Instantly share code, notes, and snippets.

@shawngraham
Last active July 20, 2018 22:10
Show Gist options
  • Star 0 You must be signed in to star a gist
  • Fork 0 You must be signed in to fork a gist
  • Save shawngraham/a2194ce300b3c5634ce8b7b546cf3060 to your computer and use it in GitHub Desktop.
Save shawngraham/a2194ce300b3c5634ce8b7b546cf3060 to your computer and use it in GitHub Desktop.
library("tabulizer")
# The file could be local, or it could be on the web.
# We're going to use
# Lane, K., Pomeroy, E. & Davila, M. (2018). Over Rock and Under Stone: Carved Rocks and Subterranean Burials at Kipia, Ancash, AD 1000 – 1532. Open Archaeology, 4(1), pp. 299-321. Retrieved 20 Jul. 2018, from doi:10.1515/opar-2018-0018
location <- 'https://www.degruyter.com/downloadpdf/j/opar.2018.4.issue-1/opar-2018-0018/opar-2018-0018.pdf'
# Next, let's grab the data in Table 1. This is on pg 6 of the pdf.

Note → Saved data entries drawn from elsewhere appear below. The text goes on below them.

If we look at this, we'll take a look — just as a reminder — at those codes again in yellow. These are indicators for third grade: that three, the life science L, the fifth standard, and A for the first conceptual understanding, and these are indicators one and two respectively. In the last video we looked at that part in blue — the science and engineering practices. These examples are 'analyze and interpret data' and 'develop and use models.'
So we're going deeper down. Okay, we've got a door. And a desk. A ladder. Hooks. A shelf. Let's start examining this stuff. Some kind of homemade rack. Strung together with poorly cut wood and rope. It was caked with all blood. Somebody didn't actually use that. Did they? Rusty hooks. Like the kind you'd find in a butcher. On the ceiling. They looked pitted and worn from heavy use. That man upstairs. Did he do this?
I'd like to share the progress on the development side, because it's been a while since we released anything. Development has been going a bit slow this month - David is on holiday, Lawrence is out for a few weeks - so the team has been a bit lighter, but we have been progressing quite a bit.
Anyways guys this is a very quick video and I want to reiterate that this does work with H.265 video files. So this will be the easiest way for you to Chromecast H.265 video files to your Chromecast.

# The line below will open a window in the viewer on the right side
# of RStudio, and open pg 6 there. Drag and click a box over the
# table to extract. Be careful to grab the table, and only the table.

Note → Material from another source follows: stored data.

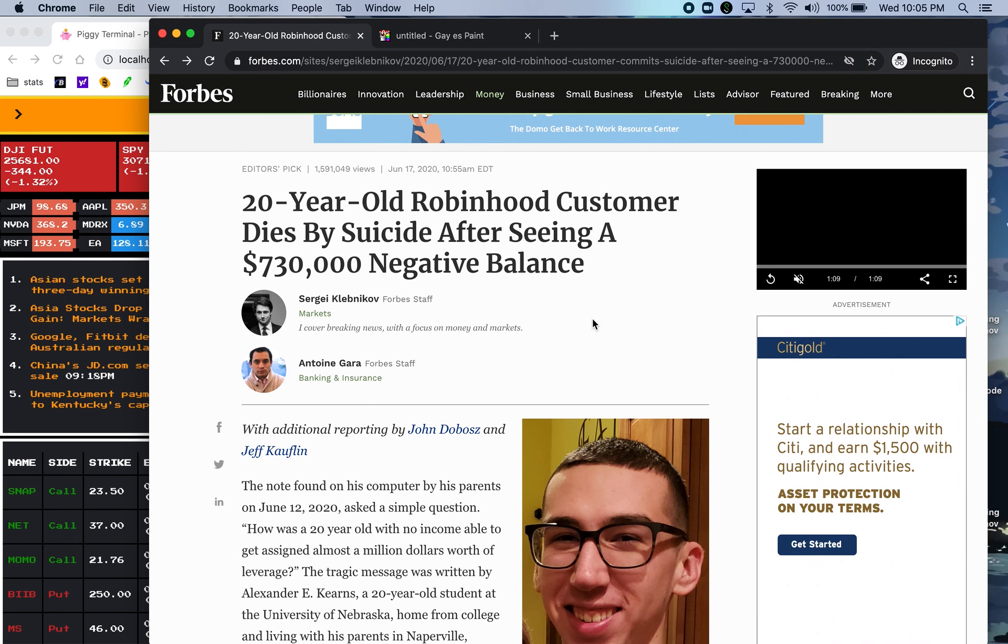So maybe Robinhood will improve their app over time to not show a negative balance like that because it will definitely scare away newbie investors.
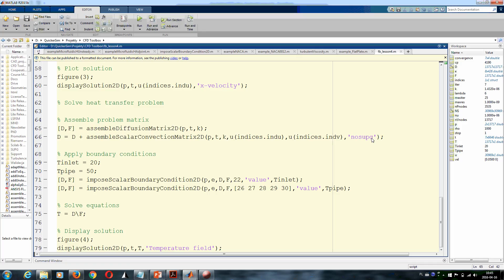Temperature at the inlet, temperature at the pipes—impose scalar boundary conditions. So we specify value at the inlet (22 is inlet). At all the other walls, we want to specify temperature of the pipes. We solve the equations, we get the temperature field by solving the system of equations with our convection-diffusion matrix and right-hand side vector, and we plot the temperature field.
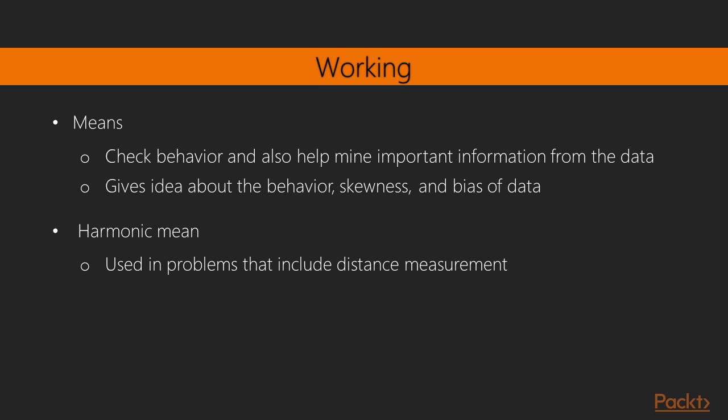Cool! In this video, we saw basic statistics concepts. Firstly, we understood how to get ready, then how to do it, and at the end, we saw how it works.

data <- extract_areas(location, 6)
# We can examine the first bit of data that we've extracted with the 'head' command.
head(data)
# We can save our data to another variable just in case we mess something up.

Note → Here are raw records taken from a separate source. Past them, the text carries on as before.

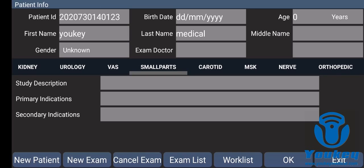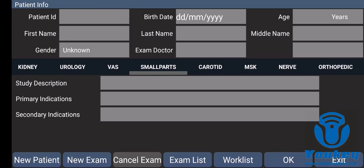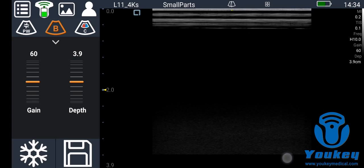After you complete the exam of this patient or create a new patient, then click OK.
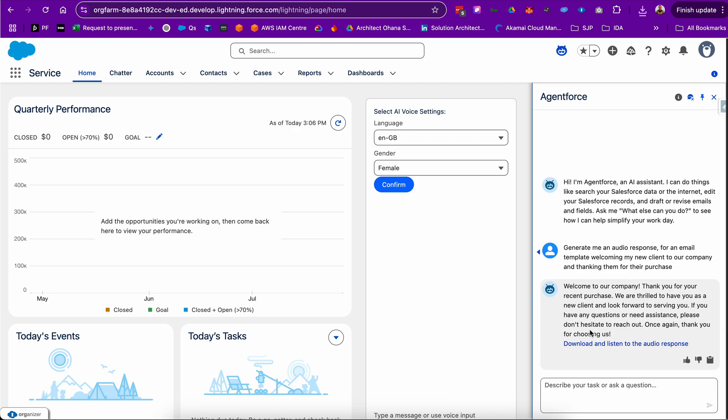That APEX class calls an integration endpoint on AWS, which is AWS Lambda, and that in turn generates a spoken response file from AWS Polly, a text-to-speech service.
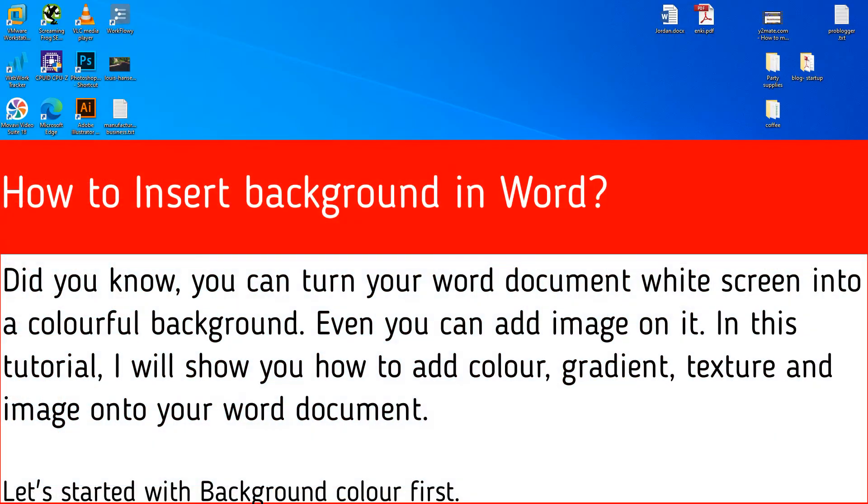Did you know you can turn your word document white screen into a colorful background? Even you can add image on it. In this tutorial, I will show you how to add color, gradient, texture and image onto your word document.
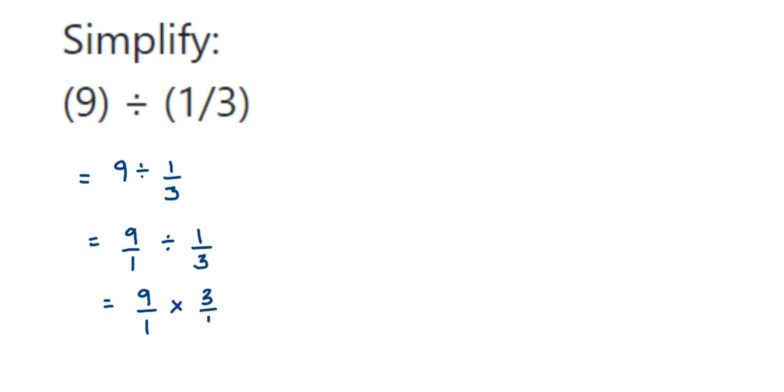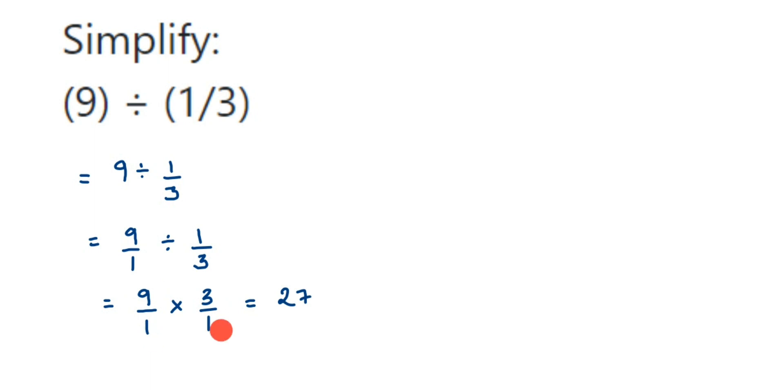Now we cannot cancel anything here, so multiply. In the numerator we have 9 and 3, so 9 × 3 = 27. In the denominator we have 1, so 1 × 1 = 1. That's 27/1, or you can simply write 27. That's it.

orig_data <- data # in case of trouble
# Now let's clean this up; right now it's a list with text, not a dataframe with numbers.
# save header
h <- data[[1]][1,]
# remove header in the table
data[[1]] <- data[[1]][-c(1,2),]
# let's examine the data again.
head(data)
#Notice anything different than last time we ran the head command?
# Now we turn it into a dataframe, and tell it that h, the header, is our column headers.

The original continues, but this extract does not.